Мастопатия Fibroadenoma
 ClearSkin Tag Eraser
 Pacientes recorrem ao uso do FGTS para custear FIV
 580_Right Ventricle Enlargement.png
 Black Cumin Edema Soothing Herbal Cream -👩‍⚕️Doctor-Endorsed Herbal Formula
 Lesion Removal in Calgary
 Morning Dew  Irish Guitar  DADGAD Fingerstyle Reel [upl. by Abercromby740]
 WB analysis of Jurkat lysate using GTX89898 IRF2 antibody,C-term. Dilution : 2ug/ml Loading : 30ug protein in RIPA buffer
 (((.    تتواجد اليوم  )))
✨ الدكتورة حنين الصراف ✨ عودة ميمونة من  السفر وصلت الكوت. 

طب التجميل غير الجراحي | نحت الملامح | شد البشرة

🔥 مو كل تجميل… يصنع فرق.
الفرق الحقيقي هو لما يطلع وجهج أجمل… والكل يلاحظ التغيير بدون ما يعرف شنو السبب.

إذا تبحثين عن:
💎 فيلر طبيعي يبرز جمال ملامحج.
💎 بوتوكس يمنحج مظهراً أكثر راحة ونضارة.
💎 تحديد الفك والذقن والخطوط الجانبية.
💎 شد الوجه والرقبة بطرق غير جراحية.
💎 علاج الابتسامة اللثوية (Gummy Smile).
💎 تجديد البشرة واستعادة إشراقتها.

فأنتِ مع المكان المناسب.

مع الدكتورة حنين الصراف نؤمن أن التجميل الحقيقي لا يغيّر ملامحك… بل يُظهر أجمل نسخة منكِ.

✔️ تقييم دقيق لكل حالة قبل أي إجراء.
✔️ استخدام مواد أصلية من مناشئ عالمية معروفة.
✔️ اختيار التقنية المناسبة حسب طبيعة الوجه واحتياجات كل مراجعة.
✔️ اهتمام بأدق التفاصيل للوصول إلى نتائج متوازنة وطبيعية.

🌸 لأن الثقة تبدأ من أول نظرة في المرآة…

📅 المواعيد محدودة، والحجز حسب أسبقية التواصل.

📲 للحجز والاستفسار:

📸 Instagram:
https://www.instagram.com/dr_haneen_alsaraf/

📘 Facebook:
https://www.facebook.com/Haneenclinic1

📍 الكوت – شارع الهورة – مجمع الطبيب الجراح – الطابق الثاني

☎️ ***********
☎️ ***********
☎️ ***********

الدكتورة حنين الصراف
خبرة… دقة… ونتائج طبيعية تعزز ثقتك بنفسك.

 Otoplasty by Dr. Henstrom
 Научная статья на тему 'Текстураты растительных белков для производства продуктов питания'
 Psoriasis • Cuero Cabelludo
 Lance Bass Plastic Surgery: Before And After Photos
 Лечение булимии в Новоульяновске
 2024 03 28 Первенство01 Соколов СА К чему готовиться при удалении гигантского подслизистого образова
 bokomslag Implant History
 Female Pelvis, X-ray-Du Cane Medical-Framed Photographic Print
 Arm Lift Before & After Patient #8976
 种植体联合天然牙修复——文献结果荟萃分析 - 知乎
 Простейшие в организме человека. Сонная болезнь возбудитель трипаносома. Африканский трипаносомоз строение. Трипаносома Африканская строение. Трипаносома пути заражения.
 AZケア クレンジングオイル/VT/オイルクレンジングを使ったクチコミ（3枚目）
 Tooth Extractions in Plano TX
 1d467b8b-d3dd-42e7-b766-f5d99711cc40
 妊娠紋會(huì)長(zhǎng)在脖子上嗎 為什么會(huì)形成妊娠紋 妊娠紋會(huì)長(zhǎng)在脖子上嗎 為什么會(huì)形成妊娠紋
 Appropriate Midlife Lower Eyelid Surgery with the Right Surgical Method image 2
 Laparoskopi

### How to complete this task:
Reproduce all of the entries word for word. Omit nothing.

### Completed exercise:
Мастопатия Fibroadenoma
 ClearSkin Tag Eraser
 Pacientes recorrem ao uso do FGTS para custear FIV
 580_Right Ventricle Enlargement.png
 Black Cumin Edema Soothing Herbal Cream -👩‍⚕️Doctor-Endorsed Herbal Formula
 Lesion Removal in Calgary
 Morning Dew  Irish Guitar  DADGAD Fingerstyle Reel [upl. by Abercromby740]
 WB analysis of Jurkat lysate using GTX89898 IRF2 antibody,C-term. Dilution : 2ug/ml Loading : 30ug protein in RIPA buffer
 (((.    تتواجد اليوم  )))
✨ الدكتورة حنين الصراف ✨ عودة ميمونة من  السفر وصلت الكوت. 

طب التجميل غير الجراحي | نحت الملامح | شد البشرة

🔥 مو كل تجميل… يصنع فرق.
الفرق الحقيقي هو لما يطلع وجهج أجمل… والكل يلاحظ التغيير بدون ما يعرف شنو السبب.

إذا تبحثين عن:
💎 فيلر طبيعي يبرز جمال ملامحج.
💎 بوتوكس يمنحج مظهراً أكثر راحة ونضارة.
💎 تحديد الفك والذقن والخطوط الجانبية.
💎 شد الوجه والرقبة بطرق غير جراحية.
💎 علاج الابتسامة اللثوية (Gummy Smile).
💎 تجديد البشرة واستعادة إشراقتها.

فأنتِ مع المكان المناسب.

مع الدكتورة حنين الصراف نؤمن أن التجميل الحقيقي لا يغيّر ملامحك… بل يُظهر أجمل نسخة منكِ.

✔️ تقييم دقيق لكل حالة قبل أي إجراء.
✔️ استخدام مواد أصلية من مناشئ عالمية معروفة.
✔️ اختيار التقنية المناسبة حسب طبيعة الوجه واحتياجات كل مراجعة.
✔️ اهتمام بأدق التفاصيل للوصول إلى نتائج متوازنة وطبيعية.

🌸 لأن الثقة تبدأ من أول نظرة في المرآة…

📅 المواعيد محدودة، والحجز حسب أسبقية التواصل.

📲 للحجز والاستفسار:

📸 Instagram:
https://www.instagram.com/dr_haneen_alsaraf/

📘 Facebook:
https://www.facebook.com/Haneenclinic1

📍 الكوت – شارع الهورة – مجمع الطبيب الجراح – الطابق الثاني

☎️ ***********
☎️ ***********
☎️ ***********

الدكتورة حنين الصراف
خبرة… دقة… ونتائج طبيعية تعزز ثقتك بنفسك.

 Otoplasty by Dr. Henstrom
 Научная статья на тему 'Текстураты растительных белков для производства продуктов питания'
 Psoriasis • Cuero Cabelludo
 Lance Bass Plastic Surgery: Before And After Photos
 Лечение булимии в Новоульяновске
 2024 03 28 Первенство01 Соколов СА К чему готовиться при удалении гигантского подслизистого образова
 bokomslag Implant History
 Female Pelvis, X-ray-Du Cane Medical-Framed Photographic Print
 Arm Lift Before & After Patient #8976
 种植体联合天然牙修复——文献结果荟萃分析 - 知乎
 Простейшие в организме человека. Сонная болезнь возбудитель трипаносома. Африканский трипаносомоз строение. Трипаносома Африканская строение. Трипаносома пути заражения.
 AZケア クレンジングオイル/VT/オイルクレンジングを使ったクチコミ（3枚目）
 Tooth Extractions in Plano TX
 1d467b8b-d3dd-42e7-b766-f5d99711cc40
 妊娠紋會(huì)長(zhǎng)在脖子上嗎 為什么會(huì)形成妊娠紋 妊娠紋會(huì)長(zhǎng)在脖子上嗎 為什么會(huì)形成妊娠紋
 Appropriate Midlife Lower Eyelid Surgery with the Right Surgical Method image 2
 Laparoskopi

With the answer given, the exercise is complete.